Finding a generating function which provides the distribution of $\varphi(w)$ for all different phone numbers of length $n$ is (regrettably) beyond the scope of this answer. But we can at least provide some upper bounds for all words of length $n$. If we consider a word $w$ of length $n$ and a substring of length $k, 1\leq k \leq n$ there are two limitations:

  • The number of substrings of length $k$ is limited by the size of the alphabet $\mathcal{A}$.

  • There are at most $n-k+1$ substrings of length $k$ in a word of length $n$.

Since the number of substrings of length $k$ is less or equal $\min\{|\mathcal{A}|^k,n-k+1\}$ we conclude: An upper bound for $\varphi(w)$ with length of $w$ equal to $n$ is \begin{align*} \varphi(w)\leq\sum_{k=1}^{n}\min\left\{|\mathcal{A}|^k,n-k+1\right\}m^k\tag{1} \end{align*}

If we do not consider the size of the alphabet, we can provide a closed expression for a somewhat larger upper bound and claim

The following is an upper bound for $\varphi(w)$ with length of $w$ equal $n$

\begin{align*} \varphi(w)\leq\frac{m\left(m^{n+1}-m(n+1)+n\right)}{(m-1)^2}\tag{2} \end{align*}

This holds true since according to (1) \begin{align*} \varphi(w)&\leq\sum_{k=1}^{n}\min\left\{|\mathcal{A}|^k,n-k+1\right\}m^k\\ &\leq\sum_{k=1}^{n}(n-k+1)m^k\\ &=(n+1)\sum_{k=1}^{n}m^k-\sum_{k=1}^{n}km^k\tag{3} \end{align*} Using the formula for the finite geometric series we get \begin{align*} \sum_{k=1}^{n}m^k&=\frac{1-m^{n+1}}{1-m}-1=m\frac{1-m^n}{1-m}\\ \sum_{k=1}^{n}km^k&=m\sum_{k=1}^nkm^{k-1}\\ &=m\frac{d}{dm}\left(\sum_{k=1}^nm^k\right)\\ &=m\frac{d}{dm}\left(\frac{m-m^{n+1}}{1-m}\right)\\ &=m\frac{nm^{n+1}-(n+1)m^n+1}{(1-m)^2} \end{align*} Putting these two results into (3) and the claim (2) follows.

Note: The closed expression (2) is not necessarily a tight bound.
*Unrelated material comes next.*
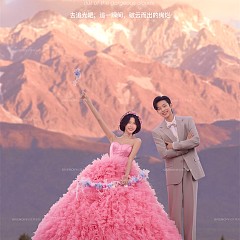 莫奈庄园-日照金山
If we consider e.g. the current problem with an alphabet of size $7$ we observe the expression (1) produces closer bounds for words with length $n>7$.

With $|\mathcal{A}|=7$ and weight $m=3$ according to three characters for each digit we get following upper bounds for small values of $n$

\begin{array}{rcccccccccc} n&1&2&3&4&5&6&7&8&9&10\\ \text{upper bound (1)}&3&15&54&174&537&1629&4908&\color{blue}{14745}&\color{blue}{44265}&\color{blue}{132834}\\ \text{upper bound (2)}&3&15&54&174&537&1629&4908&14748&44271&132843\\ \end{array}

Tight upper bounds

In the comment section of the OEIS sequence A094913 an interesting conjecture claims the upper bound (1) is for binary alphabets even a tight upper bound.

In fact even more is true. For each number $n>0$ and each alphabet of size $t>0$ the expression at the RHS of (1) is a maximum.

This is stated in Theorem 8 of the paper Strings with Maximally Many Distinct Subsequences and Substrings by A. Flaxman, etal. The maximum can be achieved by a modified De Bruijn word.